HB 461 would create a formal process under New Mexico’s Prior Authorization Act allowing qualified health care professionals to obtain an exemption from an insurer’s prior authorization (PA) requirement for certain outpatient services. The goal is to reduce administrative delays when providers consistently receive approvals.

Key provisions

  • Establishes a process for providers to apply for PA exemptions for outpatient health care services. (An HHHC amendment excludes pharmaceutical services / prescription drugs from the exemption.)
  • “Evaluation periods” are six-month windows beginning each January and June. Providers may apply no sooner than 30 days after the end of an evaluation period.
  • Eligibility threshold: in the prior six-month evaluation period, at least 90% of a provider’s 10 or more PA requests for a specific outpatient service must have been approved (initially or after appeal).
  • Insurers must approve or deny exemption requests within 10 business days and must give written explanations for denials with supporting data.
  • Insurers may review and, once per evaluation period, rescind an exemption if retrospective review of a random sample (5–20 claims) shows <90% of claims would meet medical-necessity criteria; 25 days’ written notice required before rescission takes effect.
  • Immediate and retroactive rescission allowed where fraud or abusive use is found.
  • Providers may request an independent review of a rescission decision without exhausting internal appeals.
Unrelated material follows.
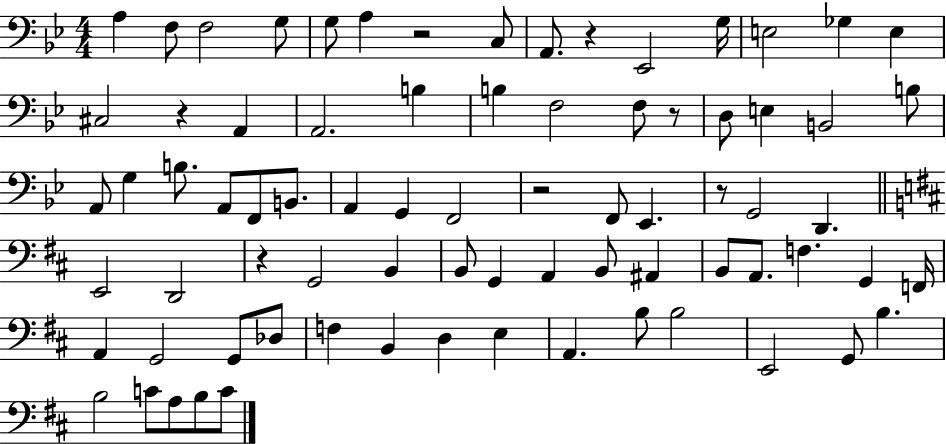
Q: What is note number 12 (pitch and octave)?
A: Gb3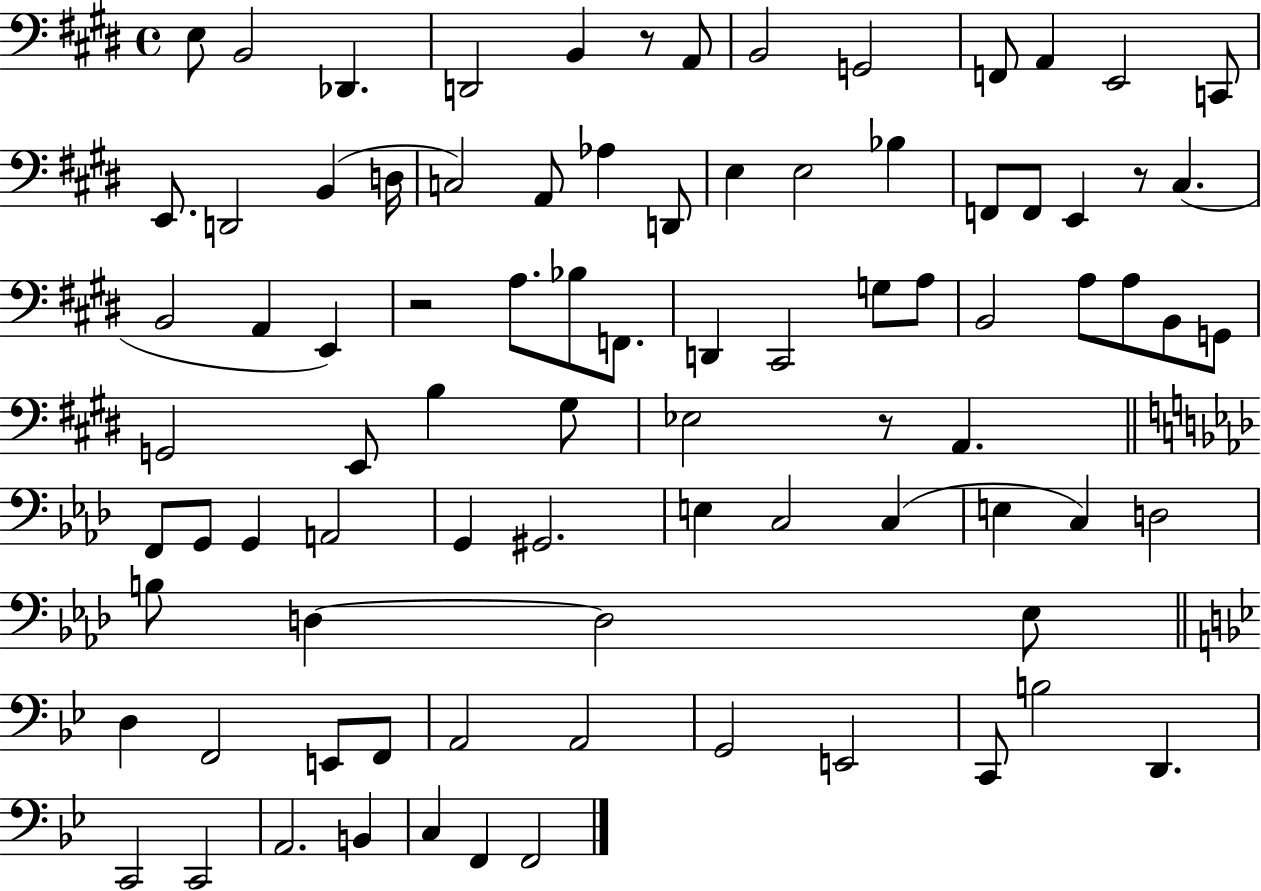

Independent review must:
    • Be completed within 30 days of request.
    • Be conducted by a New Mexico-licensed medical reviewer; for physicians, a reviewer in the same/similar specialty.
    • Allow providers to request review of a different sample of claims.
    • Be paid for by the insurer (including reasonable record-copying fees).
    • Produce a binding decision; if overturned (except for fraud/abuse), insurer may not attempt rescission again until next evaluation period.
  • If independent review affirms rescission, the insurer may not retroactively deny prior authorizations granted under the exemption; provider may reapply next evaluation period.

Effective date

The bill sets an effective date of January 1, 2026.

Fiscal impact (summary)

  • Office of the Superintendent of Insurance: no significant fiscal impact expected.
  • Health Care Authority (HCA) / Medicaid: potential costs if the law applies to Medicaid:
    • Staffing: possible need for a Pharmacy Technician III (~$78.9k annually; split GF/federal).
    • Independent review costs: prior-state examples estimate ~$460 per exemption review; one estimate projects ~$218k/year if many providers apply.
    • Medicaid IT: MMIS/financial module changes estimated ~$600k (approx. $540k federal / $60k state).
  • Overall fiscal effects are partially indeterminate and depend on whether Medicaid is covered and on provider application rates.

Who would be affected

  • Health care professionals/providers performing outpatient services (potential relief from PA requirements if eligible).
  • Health insurers and managed care organizations (new application, monitoring, review, and independent-review obligations).
  • State Medicaid program, if interpreted to apply (administration, IT, and review costs).
  • Patients could benefit from faster access to services when providers qualify for exemptions.

Procedural history / current status

HB 461 received committee consideration and was amended (notably to exclude pharmaceuticals). It passed some committee stages but, as of the latest record provided, was postponed indefinitely (not enacted).

Compiled from official sources — confirm details with the bill’s official record.